Task brief:
Write down every entry once more, exactly as it reads.
Excerpted data section start
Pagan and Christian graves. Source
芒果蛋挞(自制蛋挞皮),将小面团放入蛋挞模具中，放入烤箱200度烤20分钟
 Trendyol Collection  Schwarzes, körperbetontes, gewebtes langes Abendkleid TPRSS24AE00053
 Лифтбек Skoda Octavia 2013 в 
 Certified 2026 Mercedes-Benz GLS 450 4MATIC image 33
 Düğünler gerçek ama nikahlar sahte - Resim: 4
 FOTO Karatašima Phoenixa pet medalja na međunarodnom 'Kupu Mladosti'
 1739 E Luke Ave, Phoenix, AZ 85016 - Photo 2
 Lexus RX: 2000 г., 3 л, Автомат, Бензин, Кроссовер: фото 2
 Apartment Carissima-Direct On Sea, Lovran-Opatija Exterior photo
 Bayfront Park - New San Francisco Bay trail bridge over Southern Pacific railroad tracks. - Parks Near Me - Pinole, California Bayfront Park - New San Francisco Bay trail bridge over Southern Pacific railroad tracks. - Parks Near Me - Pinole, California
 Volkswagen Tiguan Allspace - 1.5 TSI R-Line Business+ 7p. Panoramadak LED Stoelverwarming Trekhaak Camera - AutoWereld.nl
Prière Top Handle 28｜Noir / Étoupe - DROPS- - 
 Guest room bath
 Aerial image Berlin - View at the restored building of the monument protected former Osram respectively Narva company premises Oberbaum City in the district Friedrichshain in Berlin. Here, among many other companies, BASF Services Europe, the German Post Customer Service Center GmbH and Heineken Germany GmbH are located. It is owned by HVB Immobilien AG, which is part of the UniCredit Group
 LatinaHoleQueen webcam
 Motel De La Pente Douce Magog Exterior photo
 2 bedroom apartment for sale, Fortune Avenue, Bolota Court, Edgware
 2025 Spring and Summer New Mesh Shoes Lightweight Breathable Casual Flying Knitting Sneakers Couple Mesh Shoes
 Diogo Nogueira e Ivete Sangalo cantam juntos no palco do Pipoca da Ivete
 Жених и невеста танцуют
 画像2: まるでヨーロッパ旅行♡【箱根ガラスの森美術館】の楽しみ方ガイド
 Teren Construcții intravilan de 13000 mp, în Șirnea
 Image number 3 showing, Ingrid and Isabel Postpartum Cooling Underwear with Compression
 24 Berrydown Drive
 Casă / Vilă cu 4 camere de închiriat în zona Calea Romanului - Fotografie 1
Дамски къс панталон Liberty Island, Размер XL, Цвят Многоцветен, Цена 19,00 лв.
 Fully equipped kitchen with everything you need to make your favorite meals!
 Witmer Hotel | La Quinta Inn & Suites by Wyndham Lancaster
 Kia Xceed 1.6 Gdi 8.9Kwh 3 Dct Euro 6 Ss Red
Excerpted data section end
Response to the exercise:
Pagan and Christian graves. Source
芒果蛋挞(自制蛋挞皮),将小面团放入蛋挞模具中，放入烤箱200度烤20分钟
 Trendyol Collection  Schwarzes, körperbetontes, gewebtes langes Abendkleid TPRSS24AE00053
 Лифтбек Skoda Octavia 2013 в 
 Certified 2026 Mercedes-Benz GLS 450 4MATIC image 33
 Düğünler gerçek ama nikahlar sahte - Resim: 4
 FOTO Karatašima Phoenixa pet medalja na međunarodnom 'Kupu Mladosti'
 1739 E Luke Ave, Phoenix, AZ 85016 - Photo 2
 Lexus RX: 2000 г., 3 л, Автомат, Бензин, Кроссовер: фото 2
 Apartment Carissima-Direct On Sea, Lovran-Opatija Exterior photo
 Bayfront Park - New San Francisco Bay trail bridge over Southern Pacific railroad tracks. - Parks Near Me - Pinole, California Bayfront Park - New San Francisco Bay trail bridge over Southern Pacific railroad tracks. - Parks Near Me - Pinole, California
 Volkswagen Tiguan Allspace - 1.5 TSI R-Line Business+ 7p. Panoramadak LED Stoelverwarming Trekhaak Camera - AutoWereld.nl
Prière Top Handle 28｜Noir / Étoupe - DROPS- - 
 Guest room bath
 Aerial image Berlin - View at the restored building of the monument protected former Osram respectively Narva company premises Oberbaum City in the district Friedrichshain in Berlin. Here, among many other companies, BASF Services Europe, the German Post Customer Service Center GmbH and Heineken Germany GmbH are located. It is owned by HVB Immobilien AG, which is part of the UniCredit Group
 LatinaHoleQueen webcam
 Motel De La Pente Douce Magog Exterior photo
 2 bedroom apartment for sale, Fortune Avenue, Bolota Court, Edgware
 2025 Spring and Summer New Mesh Shoes Lightweight Breathable Casual Flying Knitting Sneakers Couple Mesh Shoes
 Diogo Nogueira e Ivete Sangalo cantam juntos no palco do Pipoca da Ivete
 Жених и невеста танцуют
 画像2: まるでヨーロッパ旅行♡【箱根ガラスの森美術館】の楽しみ方ガイド
 Teren Construcții intravilan de 13000 mp, în Șirnea
 Image number 3 showing, Ingrid and Isabel Postpartum Cooling Underwear with Compression
 24 Berrydown Drive
 Casă / Vilă cu 4 camere de închiriat în zona Calea Romanului - Fotografie 1
Дамски къс панталон Liberty Island, Размер XL, Цвят Многоцветен, Цена 19,00 лв.
 Fully equipped kitchen with everything you need to make your favorite meals!
 Witmer Hotel | La Quinta Inn & Suites by Wyndham Lancaster
 Kia Xceed 1.6 Gdi 8.9Kwh 3 Dct Euro 6 Ss Red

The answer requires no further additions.